Hips would probably be arthritis. 

He's got such a sweet face though for all that's bothering him though.


----------



## RedneckCowgirl (Oct 28, 2011)

SaharaNight Boxers said:


> If he has tumors along his rib cage and wheezes, the first thing I might think of is lung cancer probably. I don't think they would want to put a dog that old and small under though. I don't think you would want to either.

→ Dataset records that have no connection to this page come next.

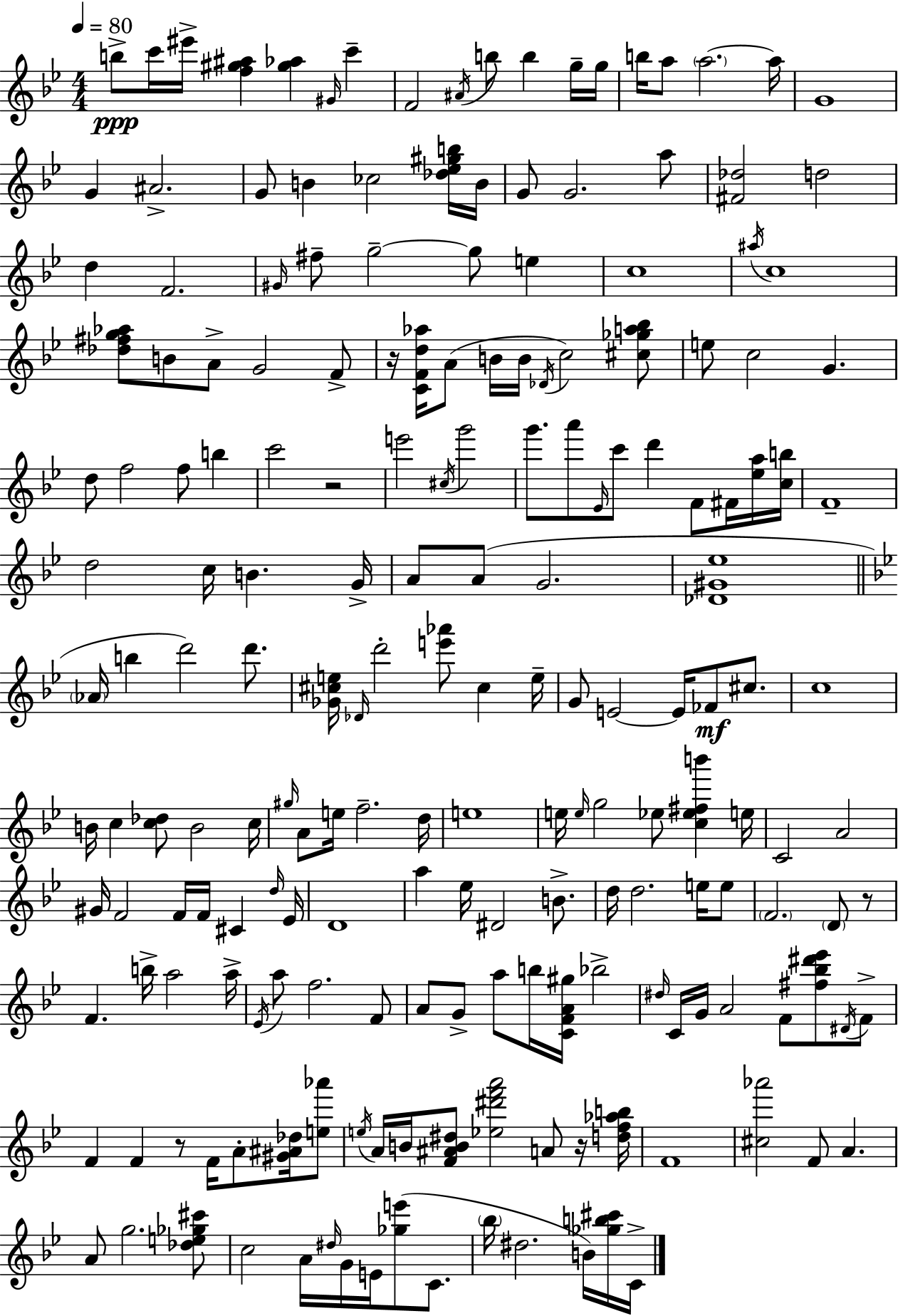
{
  \clef treble
  \numericTimeSignature
  \time 4/4
  \key bes \major
  \tempo 4 = 80
  \repeat volta 2 { b''8->\ppp c'''16 eis'''16-> <f'' gis'' ais''>4 <gis'' aes''>4 \grace { gis'16 } c'''4-- | f'2 \acciaccatura { ais'16 } b''8 b''4 | g''16-- g''16 b''16 a''8 \parenthesize a''2.~~ | a''16 g'1 | \break g'4 ais'2.-> | g'8 b'4 ces''2 | <des'' ees'' gis'' b''>16 b'16 g'8 g'2. | a''8 <fis' des''>2 d''2 | \break d''4 f'2. | \grace { gis'16 } fis''8-- g''2--~~ g''8 e''4 | c''1 | \acciaccatura { ais''16 } c''1 | \break <des'' fis'' g'' aes''>8 b'8 a'8-> g'2 | f'8-> r16 <c' f' d'' aes''>16 a'8( b'16 b'16 \acciaccatura { des'16 }) c''2 | <cis'' ges'' a'' bes''>8 e''8 c''2 g'4. | d''8 f''2 f''8 | \break b''4 c'''2 r2 | e'''2 \acciaccatura { cis''16 } g'''2 | g'''8. a'''8 \grace { ees'16 } c'''8 d'''4 | f'8 fis'16 <ees'' a''>16 <c'' b''>16 f'1-- | \break d''2 c''16 | b'4. g'16-> a'8 a'8( g'2. | <des' gis' ees''>1 | \bar "||" \break \key g \minor \parenthesize aes'16 b''4 d'''2) d'''8. | <ges' cis'' e''>16 \grace { des'16 } d'''2-. <e''' aes'''>8 cis''4 | e''16-- g'8 e'2~~ e'16 fes'8\mf cis''8. | c''1 | \break b'16 c''4 <c'' des''>8 b'2 | c''16 \grace { gis''16 } a'8 e''16 f''2.-- | d''16 e''1 | e''16 \grace { e''16 } g''2 ees''8 <c'' ees'' fis'' b'''>4 | \break e''16 c'2 a'2 | gis'16 f'2 f'16 f'16 cis'4 | \grace { d''16 } ees'16 d'1 | a''4 ees''16 dis'2 | \break b'8.-> d''16 d''2. | e''16 e''8 \parenthesize f'2. | \parenthesize d'8 r8 f'4. b''16-> a''2 | a''16-> \acciaccatura { ees'16 } a''8 f''2. | \break f'8 a'8 g'8-> a''8 b''16 <c' f' a' gis''>16 bes''2-> | \grace { dis''16 } c'16 g'16 a'2 | f'8 <fis'' bes'' dis''' ees'''>8 \acciaccatura { dis'16 } f'8-> f'4 f'4 r8 | f'16 a'8-. <gis' ais' des''>16 <e'' aes'''>8 \acciaccatura { e''16 } a'16 b'16 <f' ais' b' dis''>8 <ees'' dis''' f''' a'''>2 | \break a'8 r16 <d'' f'' aes'' b''>16 f'1 | <cis'' aes'''>2 | f'8 a'4. a'8 g''2. | <des'' e'' ges'' cis'''>8 c''2 | \break a'16 \grace { dis''16 } g'16 e'16 <ges'' e'''>8( c'8. \parenthesize bes''16 dis''2. | b'16) <ges'' b'' cis'''>16 c'16-> } \bar "|."
}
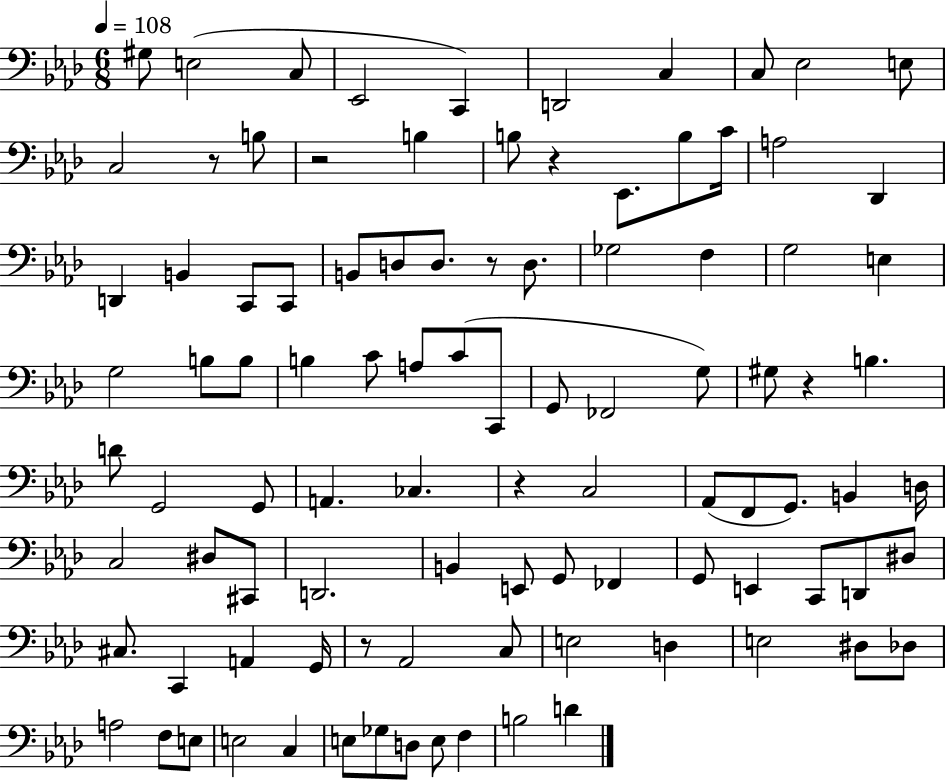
{
  \clef bass
  \numericTimeSignature
  \time 6/8
  \key aes \major
  \tempo 4 = 108
  \repeat volta 2 { gis8 e2( c8 | ees,2 c,4) | d,2 c4 | c8 ees2 e8 | \break c2 r8 b8 | r2 b4 | b8 r4 ees,8. b8 c'16 | a2 des,4 | \break d,4 b,4 c,8 c,8 | b,8 d8 d8. r8 d8. | ges2 f4 | g2 e4 | \break g2 b8 b8 | b4 c'8 a8 c'8( c,8 | g,8 fes,2 g8) | gis8 r4 b4. | \break d'8 g,2 g,8 | a,4. ces4. | r4 c2 | aes,8( f,8 g,8.) b,4 d16 | \break c2 dis8 cis,8 | d,2. | b,4 e,8 g,8 fes,4 | g,8 e,4 c,8 d,8 dis8 | \break cis8. c,4 a,4 g,16 | r8 aes,2 c8 | e2 d4 | e2 dis8 des8 | \break a2 f8 e8 | e2 c4 | e8 ges8 d8 e8 f4 | b2 d'4 | \break } \bar "|."
}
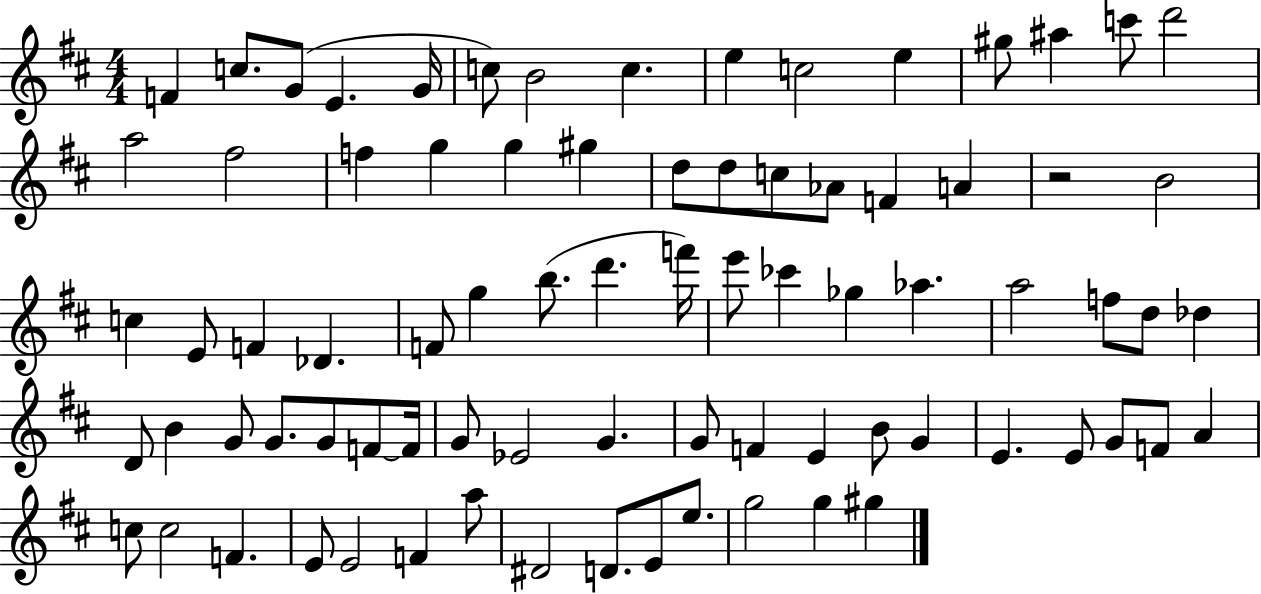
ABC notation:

X:1
T:Untitled
M:4/4
L:1/4
K:D
F c/2 G/2 E G/4 c/2 B2 c e c2 e ^g/2 ^a c'/2 d'2 a2 ^f2 f g g ^g d/2 d/2 c/2 _A/2 F A z2 B2 c E/2 F _D F/2 g b/2 d' f'/4 e'/2 _c' _g _a a2 f/2 d/2 _d D/2 B G/2 G/2 G/2 F/2 F/4 G/2 _E2 G G/2 F E B/2 G E E/2 G/2 F/2 A c/2 c2 F E/2 E2 F a/2 ^D2 D/2 E/2 e/2 g2 g ^g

Well, that's the thing. I'm not sure if the wheezing was from insane stress (considering how I acquired him) or not, I guess we will see in the next few days. As for the tumors, they are more like flat pads over his ribs. If you look at him from above, he has an indent from his ribs to his hips, but its not a waist like it should be. I'll try to get pictures that show what I'm talking about. The tumor pad things you can't see (he just looks chubby) you have to feel them.


----------



## SaharaNight Boxers (Jun 28, 2011)

They could be those fatty tumors maybe?


----------



## RedneckCowgirl (Oct 28, 2011)

SaharaNight Boxers said:


> They could be those fatty tumors maybe?


I don't know. I never got a close enough look before this to tell if he was overweight before. Its something not-normal though because his sides are quite lumpy


----------



## kathylcsw (Jul 31, 2011)

Maybe you could feed him some chicken feet. They have glucosamine for the joint issues and would also help with the teeth.


----------



## RedneckCowgirl (Oct 28, 2011)

kathylcsw said:


> Maybe you could feed him some chicken feet. They have glucosamine for the joint issues and would also help with the teeth.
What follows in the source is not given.